Sequential Testing¶
The peeking problem: if you check results daily and stop when you see significance, your false positive rate inflates far beyond 5%. Sequential testing methods give you always-valid inference that stays correct no matter when you look.
mSPRT¶
The mixture Sequential Probability Ratio Test provides always-valid p-values via a mixture likelihood ratio.
from splita import mSPRT
import numpy as np
test = mSPRT(metric='continuous', alpha=0.05)
# Day 1: first batch of data
rng = np.random.default_rng(1)
ctrl_day1 = rng.normal(10, 2, size=100)
trt_day1 = rng.normal(10.5, 2, size=100)
state = test.update(ctrl_day1, trt_day1)
print(state.should_stop) # False
print(state.always_valid_pvalue) # still high
# Day 2: more data arrives (incremental update)
ctrl_day2 = np.random.default_rng(3).normal(10, 2, size=200)
trt_day2 = np.random.default_rng(4).normal(10.5, 2, size=200)
state = test.update(ctrl_day2, trt_day2)
print(state.should_stop) # may now be True
print(state.always_valid_pvalue)
For conversion metrics¶
test = mSPRT(metric='conversion', alpha=0.05)
ctrl = np.random.default_rng(1).binomial(1, 0.10, size=500)
trt = np.random.default_rng(2).binomial(1, 0.12, size=500)
state = test.update(ctrl, trt)
GroupSequential¶
Classical alpha-spending boundaries (O'Brien-Fleming, Pocock, Kim-DeMets).
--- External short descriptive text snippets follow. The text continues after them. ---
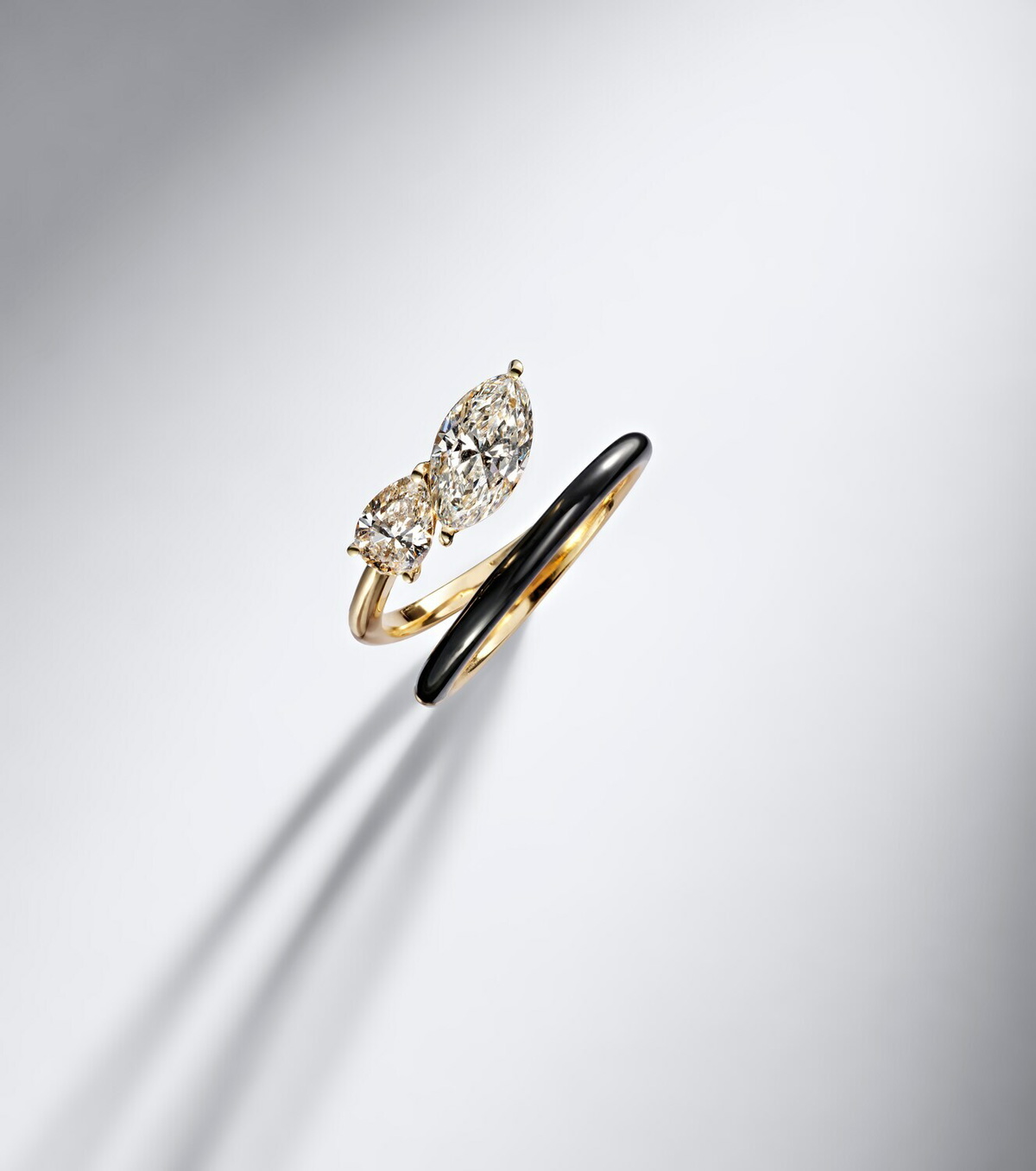Kamyen Emily 18kt gold and enamel ring with diamonds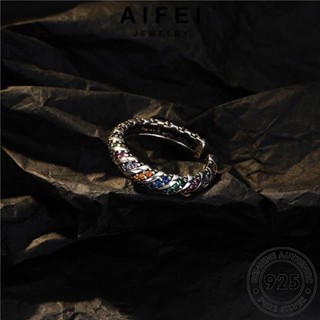 AIFEI JEWELRY เครื่องประดับ เกาหลี แฟชั่น Silver ต้นฉบับ 925 ผู้หญิง เงิน ห่วงโซ่วินเทจ เครื่องประดับ แท้ แหวน R21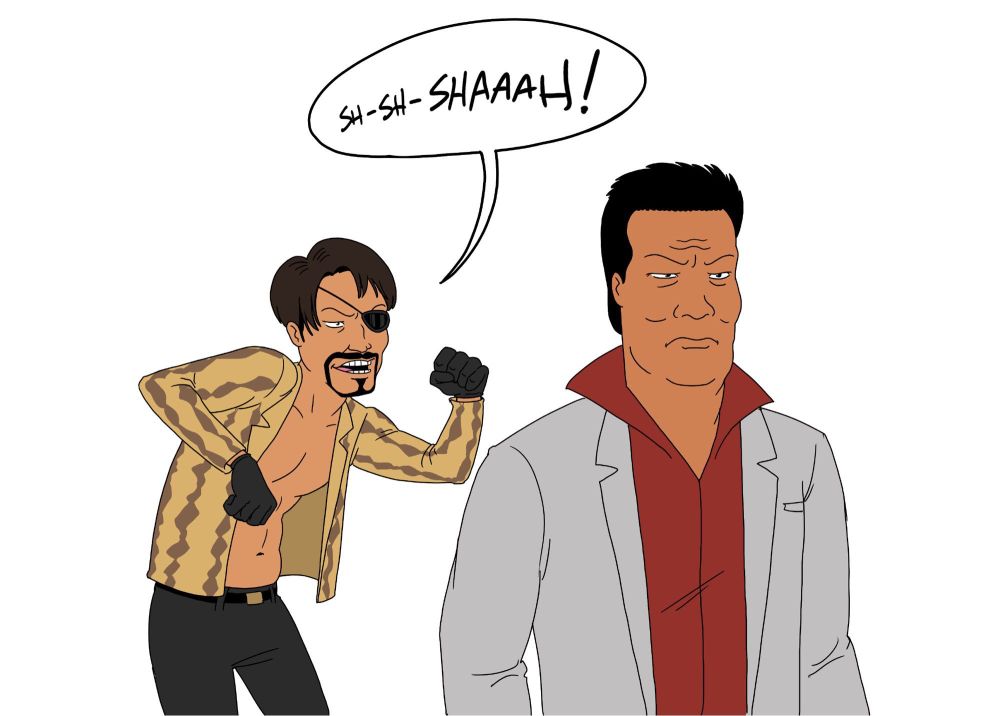 Kiryu in the style of King of the Hill with Hank Hill’s face, looking irritated with a Dale Gribble Majima behind him saying “SH-SH-SHAAAAH!”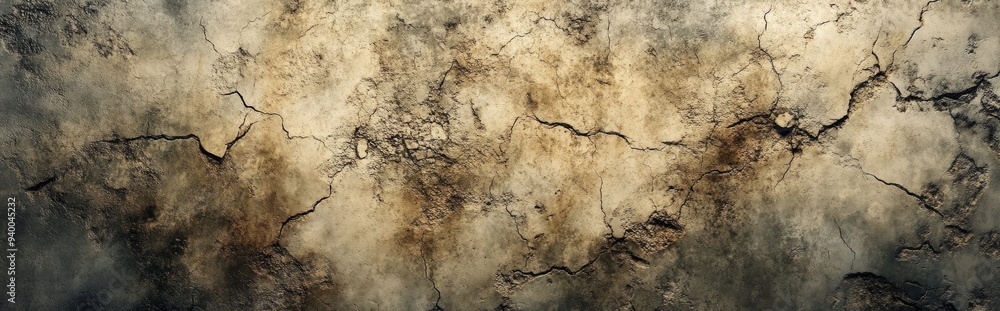 Poster 3d rendering of an old grunge wall background featuring an abstract design with cracks spots and sta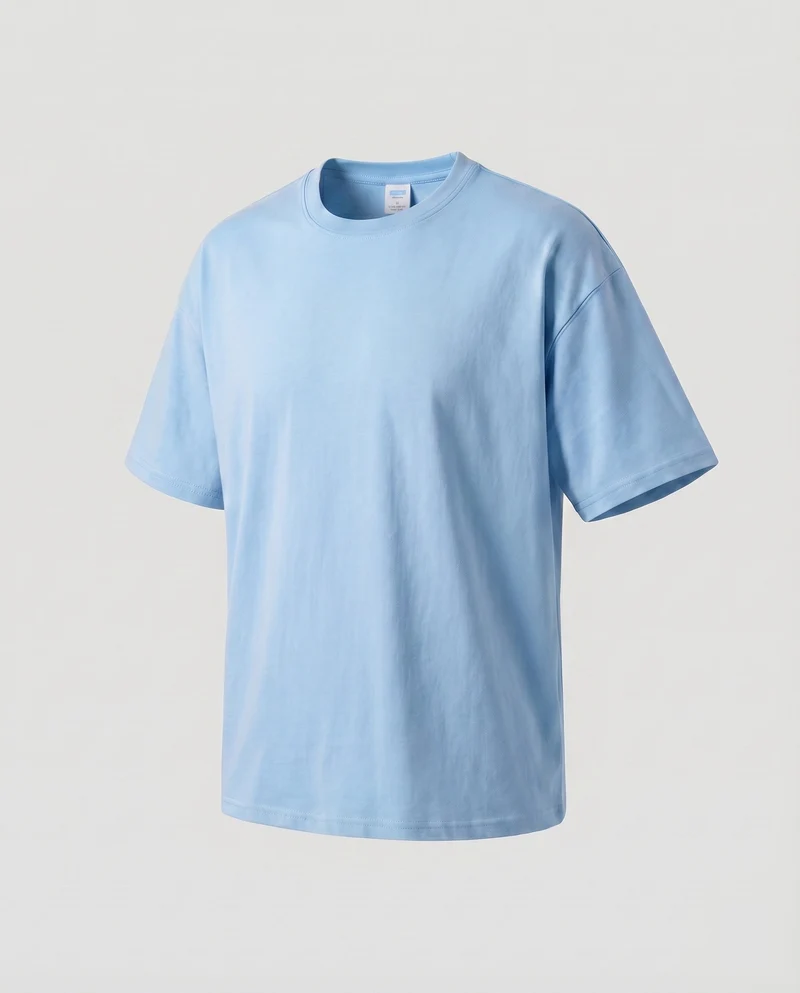 Unisex Baumwoll-T-Shirt Boxy-Schnitt Überschnittene Schultern Oversize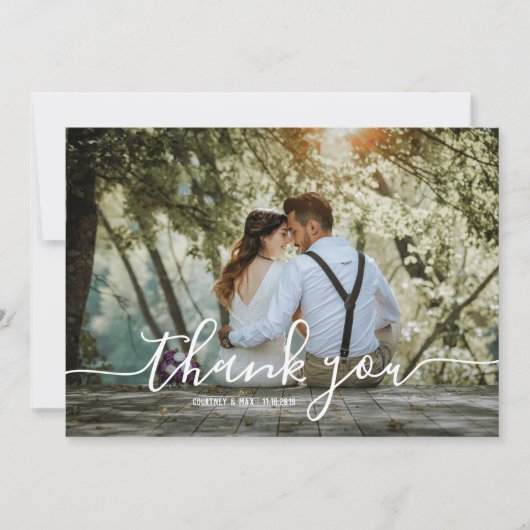 Carte postale et enveloppe Mariage Merci (Devant)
You pre-specify the number of interim looks.
from splita import GroupSequential
import numpy as np
gs = GroupSequential(n_looks=4, alpha=0.05, spending='obf')
# Look 1 (25% of data)
rng = np.random.default_rng(42)
ctrl = rng.normal(10, 2, 250)
trt = rng.normal(10.8, 2, 250)
result = gs.update(ctrl, trt)
print(result.boundary) # critical value at this look
print(result.should_stop) # usually False at early looks with OBF
# Look 2 (50% of data)
ctrl2 = rng.normal(10, 2, 250)
trt2 = rng.normal(10.8, 2, 250)
result = gs.update(ctrl2, trt2)
Spending functions¶
| Function | Behavior |
|---|---|
'obf' |
O'Brien-Fleming: conservative early, aggressive late. Most common. |
'pocock' |
Equal spending at each look. Easier to stop early. |
'kim-demets' |
Parameterized power family. Flexible. |
ConfidenceSequence¶
Time-uniform confidence sequences that are valid at every sample size simultaneously.
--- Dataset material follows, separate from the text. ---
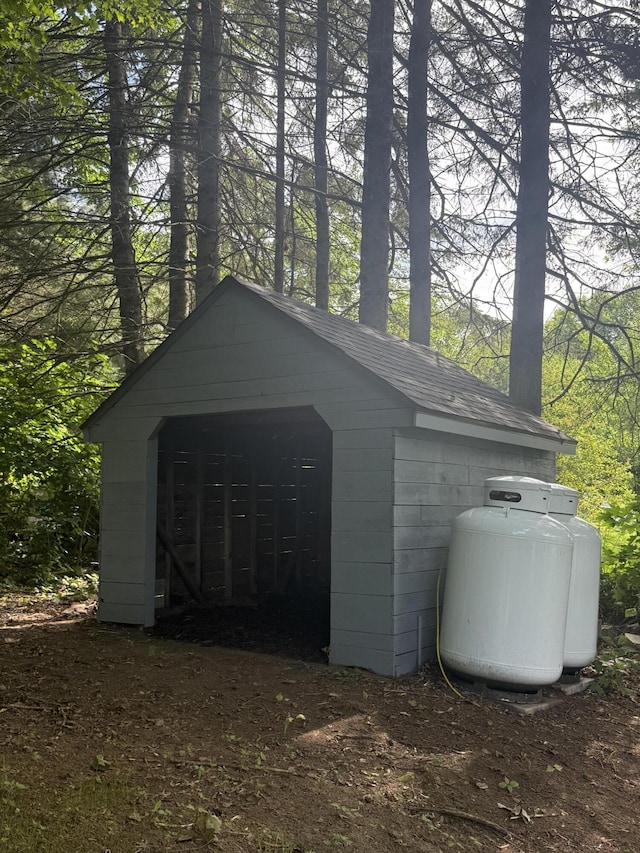 69 Heath St, Oakland, ME 04963 - garage featuring a shed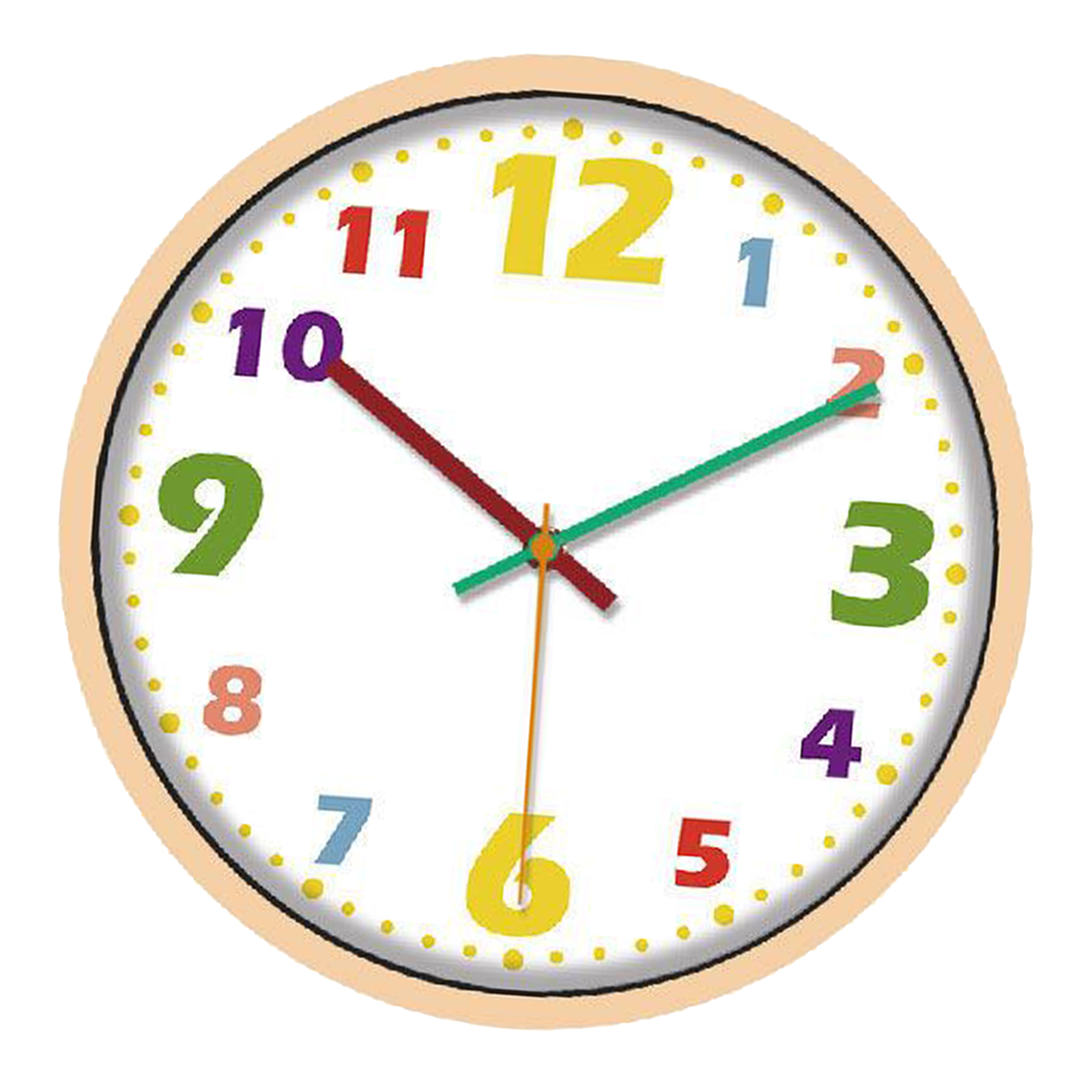 10 Inch Silent Colorful Number Kids Wall Clock Large Decorative Non ticking Wall Clock Battery Operated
from splita import ConfidenceSequence
import numpy as np
cs = ConfidenceSequence(alpha=0.05)
rng = np.random.default_rng(42)
# Update with each batch
for day in range(1, 8):
ctrl = rng.normal(10, 2, 100)
trt = rng.normal(10.5, 2, 100)
state = cs.update(ctrl, trt)
print(f"Day {day}: CI = [{state.lower:.3f}, {state.upper:.3f}], "
f"significant = {state.significant}")
Tip
Confidence sequences are wider than fixed-sample CIs at any single time point, but they are valid at all time points. This is the price of continuous monitoring.
EValue¶
E-value sequential testing. An alternative to p-values that composes under optional continuation.
from splita import EValue
import numpy as np
ev = EValue(alpha=0.05)
rng = np.random.default_rng(42)
ctrl = rng.normal(10, 2, 500)
trt = rng.normal(10.5, 2, 500)
state = ev.update(ctrl, trt)
print(state.e_value) # evidence against H0
print(state.should_stop) # True if e_value > 1/alpha
EProcess¶
Safe testing with e-processes (GRAPA, universal inference).
from splita import EProcess
import numpy as np
ep = EProcess(alpha=0.05)
rng = np.random.default_rng(42)
for _ in range(5):
ctrl = rng.normal(10, 2, 100)
trt = rng.normal(10.5, 2, 100)
state = ep.update(ctrl, trt)
if state.should_stop:
print("Rejected H0")
break
SampleSizeReestimation¶
Mid-experiment sample size adjustment based on conditional power:
from splita import SampleSizeReestimation
import numpy as np
reest = SampleSizeReestimation(
original_n=1000,
alpha=0.05,
power=0.80,
)
# At the interim look (50% of planned sample)
rng = np.random.default_rng(42)
ctrl = rng.normal(10, 2, 500)
trt = rng.normal(10.3, 2, 500)
result = reest.update(ctrl, trt)
print(result.conditional_power)
print(result.recommended_n)
YEASTSequentialTest¶
Tuning-free sequential test from Meta, based on Levy's inequality. No mixing distribution to choose.
from splita import YEASTSequentialTest
import numpy as np
yeast = YEASTSequentialTest(alpha=0.05)
rng = np.random.default_rng(42)
ctrl = rng.normal(10, 2, 500)
trt = rng.normal(10.5, 2, 500)
state = yeast.update(ctrl, trt)
print(state.should_stop)
print(state.statistic)
When to use which¶
| Method | Best for |
|---|---|
mSPRT |
General-purpose continuous monitoring |
GroupSequential |
Pre-planned interim analyses (regulatory) |
ConfidenceSequence |
When you need a confidence interval at every point |
EValue / EProcess |
When you want evidence that composes across experiments |
SampleSizeReestimation |
When initial power assumptions may be wrong |
YEASTSequentialTest |
When you don't want to tune hyperparameters |